Intentional or not, it feels as though Stuckman tailor-made this paranormal, missing-person mystery explicitly for the true crime generation. People who grew up watching "Unsolved Mysteries," who then ended up obsessed with "Serial" and "Making a Murderer." Not to spoil anything, but the first chunk of the movie plays out like a real deal true crime doc that is dissecting the found tapes from "The Blair Witch Project." As BJ Colangelo put it in her review of "Shelby Oaks" for /Film, it "completely reframes what is possible in found footage horror."
"Shelby Oaks" takes found footage elements and filters them through a true crime POV to create something that feels wholly unique. It also feels like it could scratch a real itch that true crime lovers rarely — if ever — get from cinematic narrative fiction. Not to comment on this movie's commercial prospects needlessly but, in that way, it feels like it could take off like a rocket if NEON gets it in front of the right eyeballs.
Shelby Oaks is paranormal horror for the true crime generation
Admittedly, true crime isn't my thing. If anything, I largely go out of my way to avoid it. That having been said, I recognize that there is an appeal to it and, when done well, it can provide justice, cautionary tales, and a form of reality-based entertainment quite unlike anything else out there. That's part of what makes "Shelby Oaks" so unique and appealing to the right viewer. It takes on the disappearance at the center of it all through an investigative POV, just as any true crime documentary or dramatization would.

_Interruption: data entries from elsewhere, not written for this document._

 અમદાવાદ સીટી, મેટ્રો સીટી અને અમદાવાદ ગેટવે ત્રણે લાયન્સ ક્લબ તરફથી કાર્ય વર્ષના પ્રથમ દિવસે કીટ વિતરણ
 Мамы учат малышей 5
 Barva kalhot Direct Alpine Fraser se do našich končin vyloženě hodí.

Yet, what's at the heart of the movie is decidedly, shall we say, not based on objectively real things. There's a supernatural layer to the proceedings. Even though the majority of true crime stories that take over in the popular zeitgeist aren't based in the metaphysical, there's a pretty healthy venn diagram of people who grew up watching "Ghost Hunters" and who also loved HBO's chronicle of Robert Durst, "The Jinx." The film plays out rather brilliantly in a way that scratches the middle of that very venn diagram.
My fiance watches an enormous amount of true crime. It fills her various streaming feeds constantly. While I was watching the movie one of my overarching, pervasive thoughts was, "She's gonna love this." Stuckman's movie may have started, somewhat humbly, with a very successful Kickstarter campaign. But there's a reason NEON picked it up. There's a reason they infused a lot of money into the project. There's a reason it's getting a big theatrical release. There's a huge audience for it. Not just the horror faithful but, more specifically, the true crime devotees. Be it a happy accident or a stroke of genius, Stuckmann has tapped into something very specific here.
"Shelby Oaks" hits theaters on October 24, 2025.